Created on 07-18-2021 06:29 AM - edited 07-18-2021 06:49 AM
Hi.
I have three .log files.
The first one is general and has the form:
2223411 Subject Comment Address
2243561 Subject Comment Address
The other two have the form:
2223411 Some string
2243561 Some string
I need to take the first file and attach the remaining fields to each file by the first field, which is the id. It should turn out like this:
2223411 Some string Subject Comment Address
2243561 Some string Subject Comment Address
That is, in fact, add everything except the id to each line of the other files by id.
Please tell me if I need to use script processors and write scripts for this.
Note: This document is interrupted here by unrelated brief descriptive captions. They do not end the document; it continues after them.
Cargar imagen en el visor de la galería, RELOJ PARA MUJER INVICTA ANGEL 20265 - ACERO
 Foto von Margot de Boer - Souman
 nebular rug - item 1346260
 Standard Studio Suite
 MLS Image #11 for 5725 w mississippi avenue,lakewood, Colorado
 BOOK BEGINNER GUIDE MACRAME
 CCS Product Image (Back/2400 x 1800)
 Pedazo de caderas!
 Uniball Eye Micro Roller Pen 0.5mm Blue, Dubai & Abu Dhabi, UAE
Or can I do this with existing processors correctly?
Created 07-22-2021 08:02 AM
I believe that what you are looking for is called a 'streaming join'.
I won't say it is impossible, but this is not something Nifi is made for and there is no good way to do it.
Perhaps look into other solutions available in the Cloudera offering, such as Flink or Spark Streaming.
Created 07-22-2021 08:39 AM
Thank you, in the end I did it using a groovy script.
But I still didn't understand why when I make a regular request in the http Invoke processor, I see a lot of duplicate files. We had to use the processor to remove duplicates. I didn't quite understand then what the nifi is for?